> **ENTRIES SUPPLIED**
☆ ☆ ☆ ☆ ☆

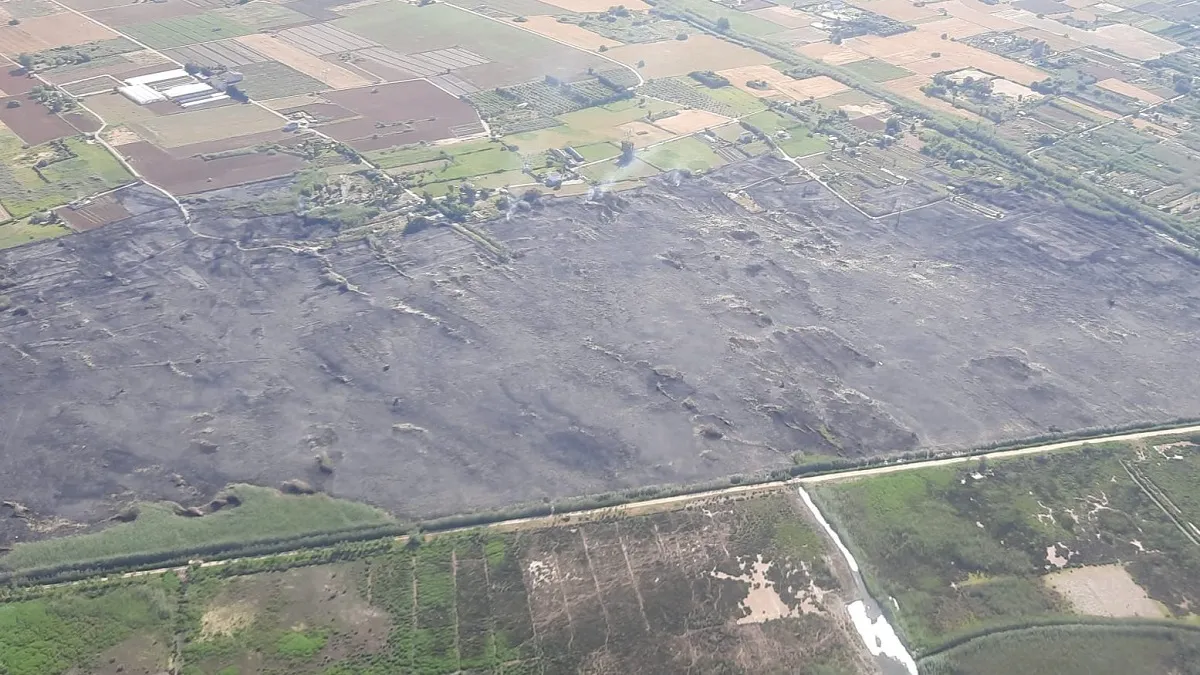 Extingit l’incendi forestal a s’Albufera, on ha cremat més de 50 hectàrees de canyet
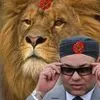 Abdo Laa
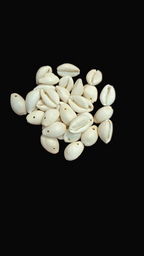 Natural Cowry shells || 50 grams - 100 grams pack ||
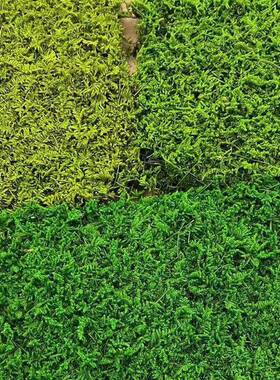 永生苔厂藓白发藓浅装绿色大灰大DRW羽藓黄色室内景观绿植绿草坪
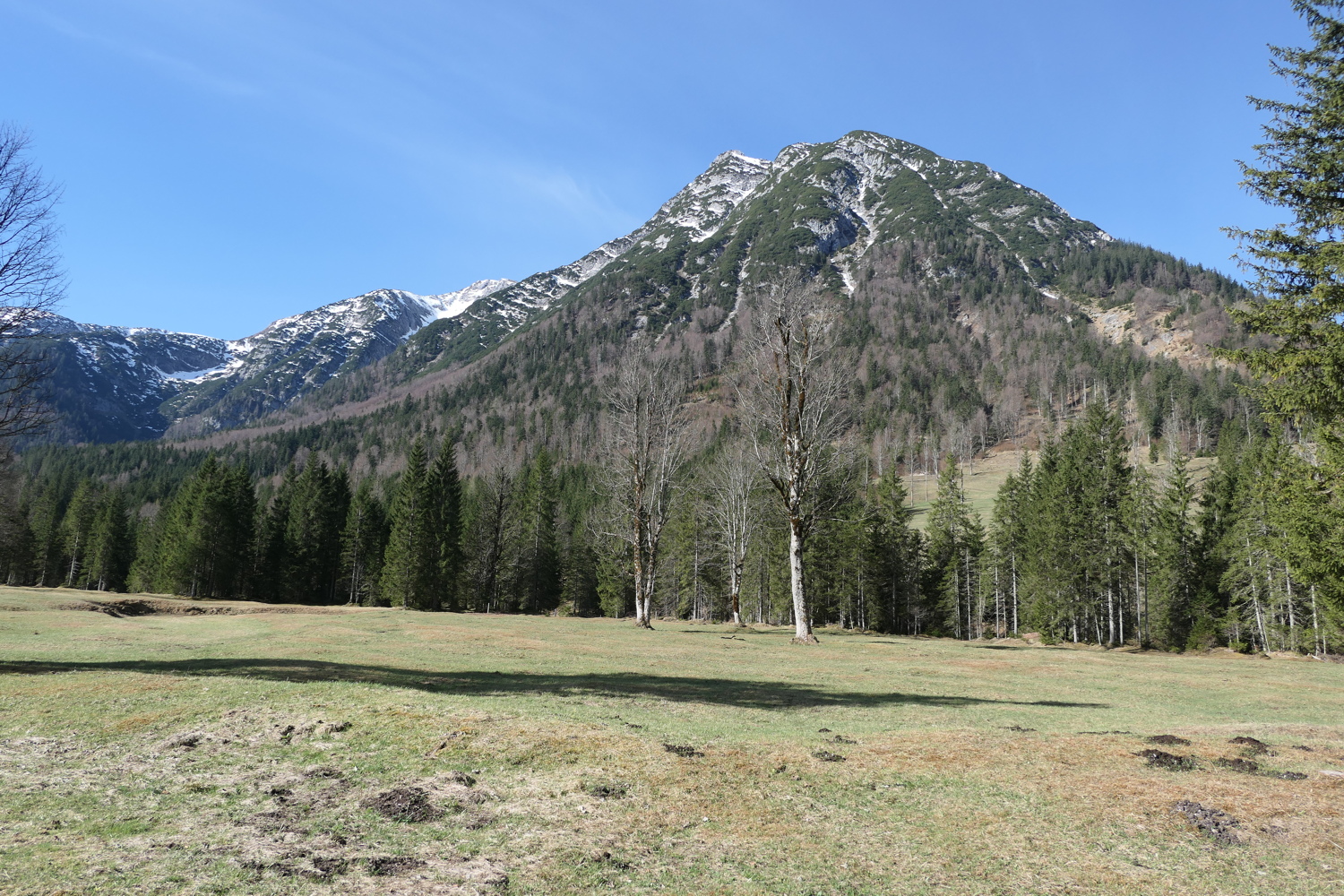 p1010849.jpg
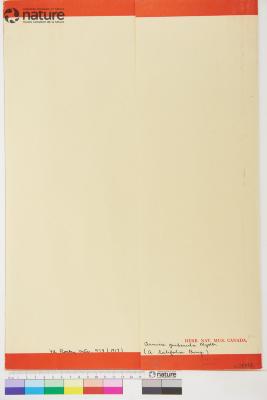 Arnica L.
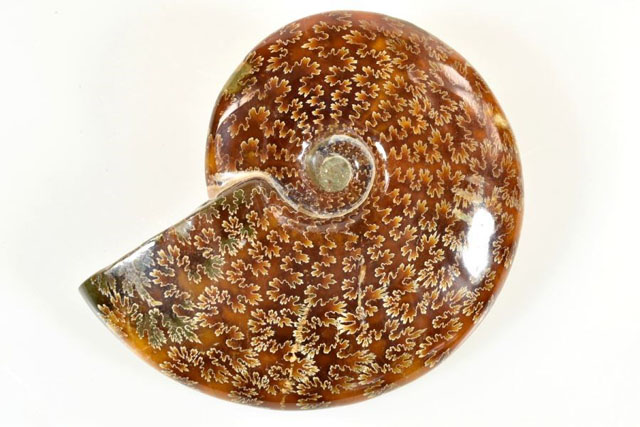 Polished Cleoniceras Ammonite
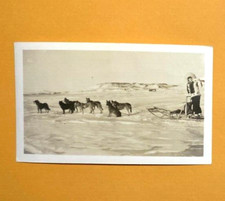 1941 NOME ALASKA DOG SLED 4.5 BY 2.75 VINTAGE PHOTO
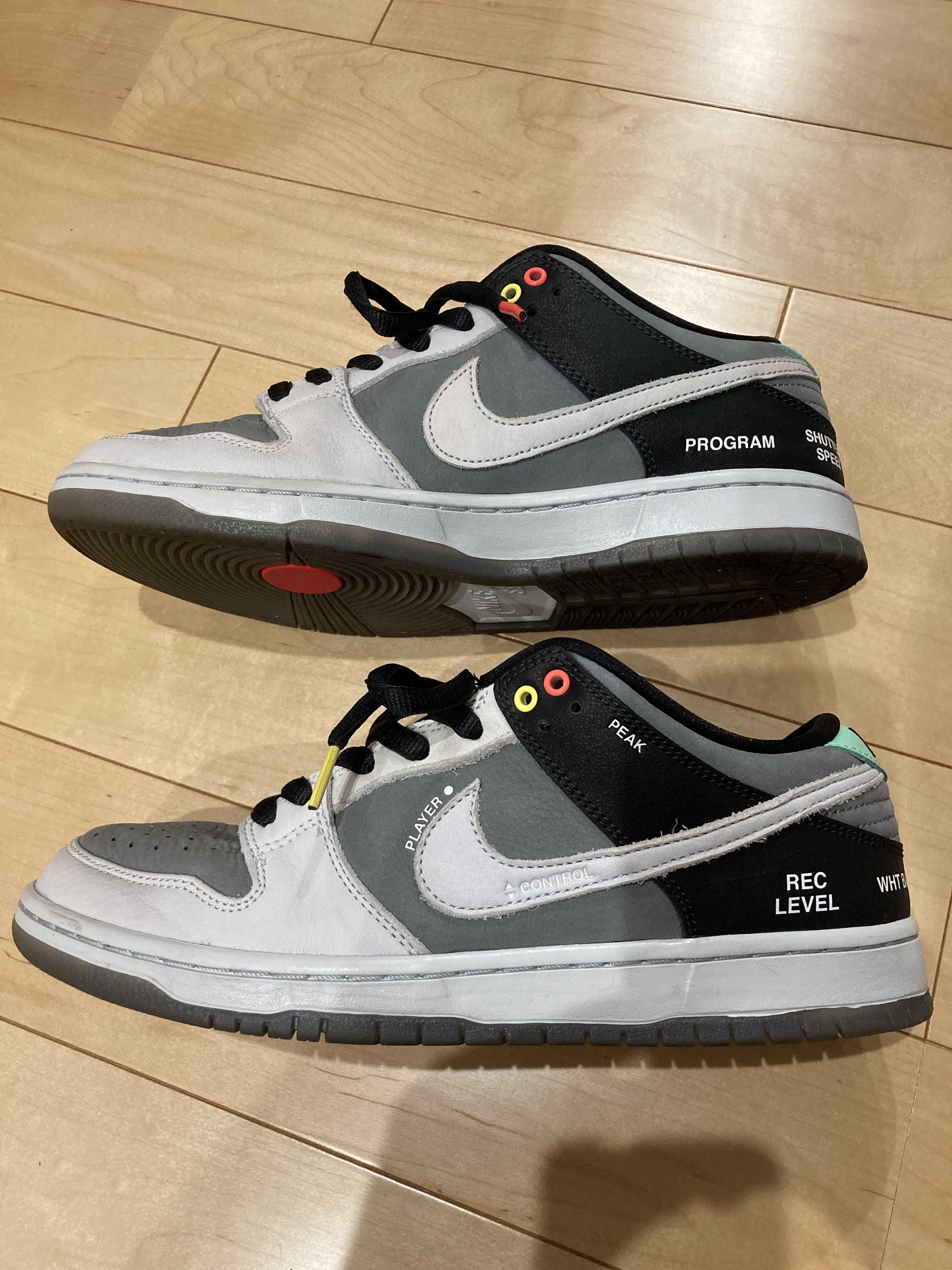 Nike SB Dunk Low Pro "VX1000 Camcorder"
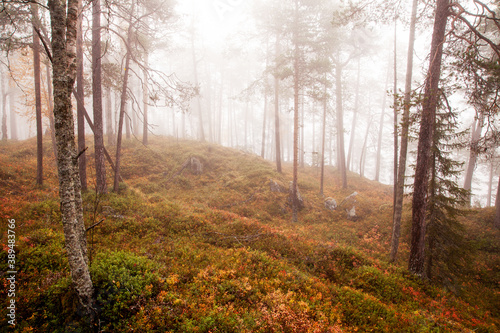 Colorful pristine taiga forest with tall trees in Northern Finland in Oulanka National Park during a foggy morning. 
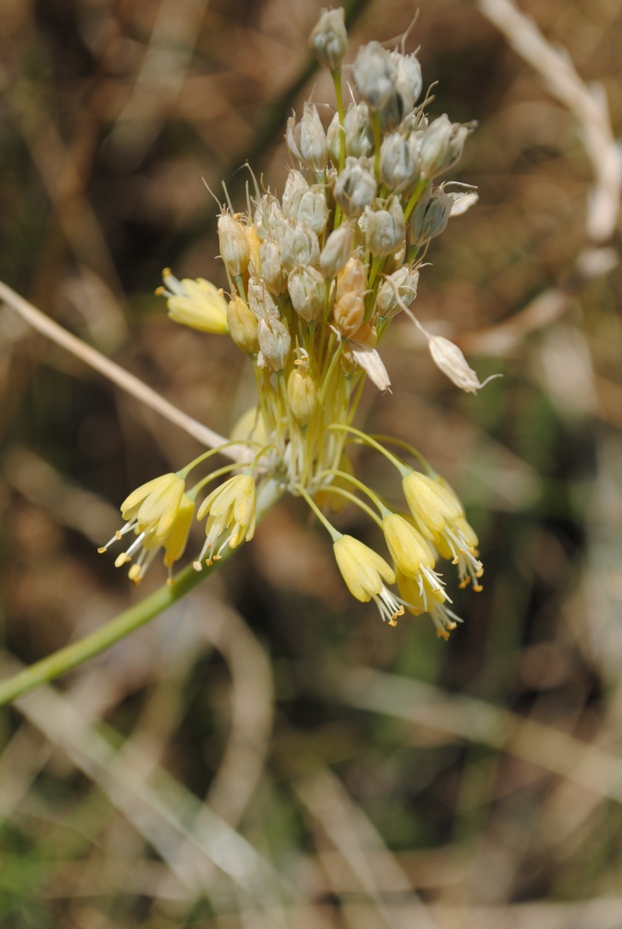 Allium flavum / Aglio giallo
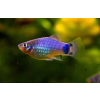 Platka - Zmienniak Plamisty - Xiphophorus maculatus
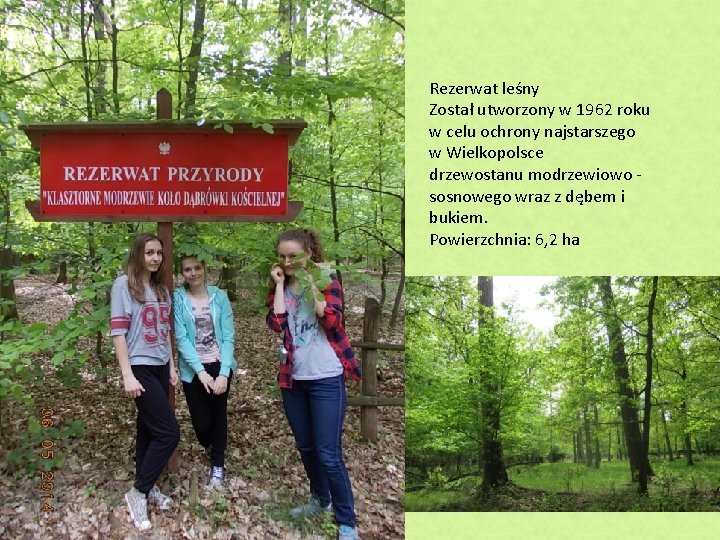 Rezerwat leśny Został utworzony w 1962 roku w celu ochrony najstarszego w Wielkopolsce drzewostanu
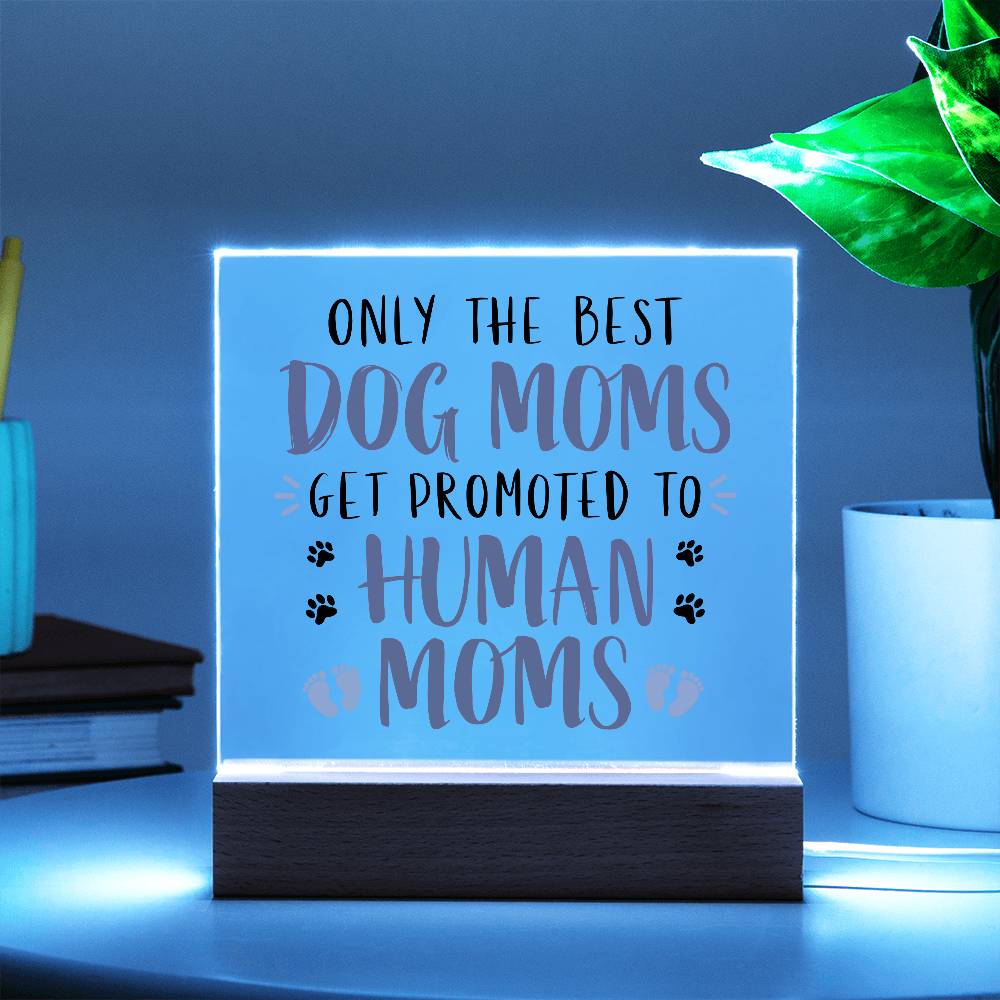 Acrylic Plaque - New Mom Gift | First Time Mother's Day Keepsake | Christmas gifts for an expecting mother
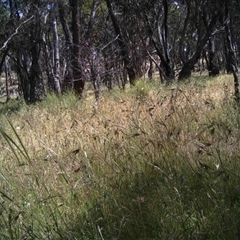 Unidentified at Mulligans Flat - 11 Dec 2016 by MulligansFlat1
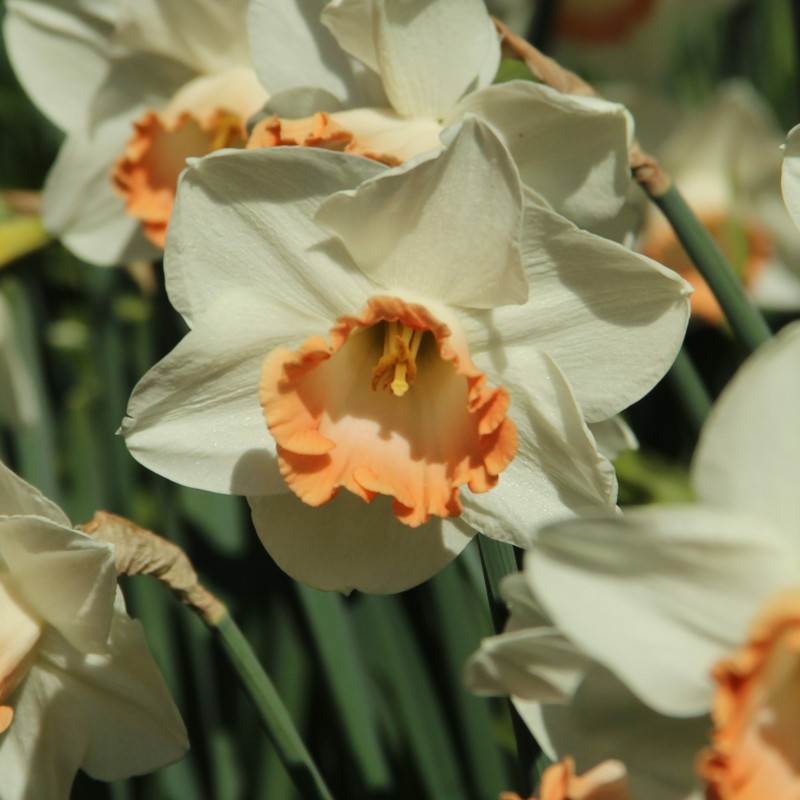 Narcissus 'Pink Charm' Narcissus 'Pink Charm'
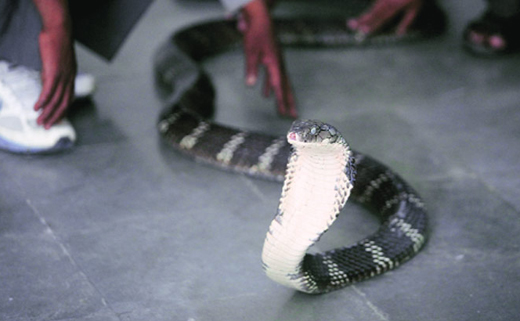 snake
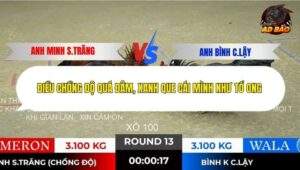 Trận 13 trường gà Tonhon 10/12/2025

☆ ☆ ☆ ☆ ☆

> **YOUR TASK**
All entries above should be printed exactly, though without their pictures.

> **REPLY TO THE EXERCISE**
 Extingit l’incendi forestal a s’Albufera, on ha cremat més de 50 hectàrees de canyet
 Abdo Laa
 Natural Cowry shells || 50 grams - 100 grams pack ||
 永生苔厂藓白发藓浅装绿色大灰大DRW羽藓黄色室内景观绿植绿草坪
 p1010849.jpg
 Arnica L.
 Polished Cleoniceras Ammonite
 1941 NOME ALASKA DOG SLED 4.5 BY 2.75 VINTAGE PHOTO
 Nike SB Dunk Low Pro "VX1000 Camcorder"
 Colorful pristine taiga forest with tall trees in Northern Finland in Oulanka National Park during a foggy morning. 
 Allium flavum / Aglio giallo
 Platka - Zmienniak Plamisty - Xiphophorus maculatus
 Rezerwat leśny Został utworzony w 1962 roku w celu ochrony najstarszego w Wielkopolsce drzewostanu
 Acrylic Plaque - New Mom Gift | First Time Mother's Day Keepsake | Christmas gifts for an expecting mother
 Unidentified at Mulligans Flat - 11 Dec 2016 by MulligansFlat1
 Narcissus 'Pink Charm' Narcissus 'Pink Charm'
 snake
 Trận 13 trường gà Tonhon 10/12/2025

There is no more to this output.